É importante ensinar e estimular a criança a se comunicar de outras formas, como através de brincadeiras, desenhos, jogos. À medida que a criança vai crescendo e desenvolve seu vocabulário, é essencial que ela seja ensinada a se expressar, a verbalizar seus sentimentos e emoções, boas e ruins, de modo a aprender que essa é a maneira correta de ter uma atenção positiva das outras crianças e dos adultos. Cabe aos adultos, consequentemente, prestarem atenção à criança quando ela solicitar esse momento para se expressar. Algumas perguntas, como as listadas abaixo, podem ajudar a conduzir esse processo de “se expressar e refletir”:
- Porque você mordeu “fulano”?
- Porque ele pegou seu brinquedo?
- Como isso fez você se sentir? Feliz? Com raiva?
- Você sentiu muita raiva ou só um pouquinho?
- Sempre que você sente raiva, tem vontade de morder?
- Depois que você morde, a raiva vai embora?
- Quando a raiva é pequenininha, o que você faz?
- Você acha que ele gostou de ser mordido?
- E se em vez de morder, você disser para ele que está muito bravo, com muita raiva porque ele pegou seu brinquedo, você acha que também não ajuda a passar a raiva?
- Se acontecer de novo, você não quer experimentar falar a ele?

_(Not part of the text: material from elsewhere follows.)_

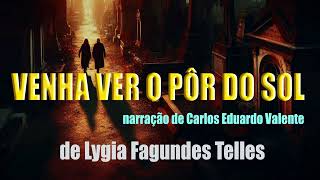 AUDIOBOOK - VENHA VER O PÔR DO SOL - de Lygia Fadundes Telles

Com isso, vale ressaltar que, na maioria das vezes, a mordida faz parte do desenvolvimento natural da criança. Mas em alguns casos, se este comportamento ocorre com frequência, ele pode sinalizar um problema de ordem emocional. A criança pode estar insatisfeita, ansiosa com alguma mudança ocorrida no contexto familiar ou escolar, com sentimento de rejeição ou tentando chamar a atenção através da agressividade. Quando isso acontece, a família e a escola precisam acompanhar de perto e com atenção para descobrir as possíveis causas, e, dependendo do caso, é importante buscar a ajuda de um profissional, como o psicólogo.
Referências bibliográficas
FERREIRA, S. P. A.; NÓBREGA, I. S. S. A Mordida na Creche: quais os significados dessa expressão infantil? II Congresso Nacional de Educação. S/D.
ROSSETTI-FEREEIRA, M. C.; AMORIM, K. de S.; SILVA, A. P. S. da; CARVALHO, A. M. A. Rede de Significações e o estudo do desenvolvimento humano. Porto Alegre: Artmed, 2004.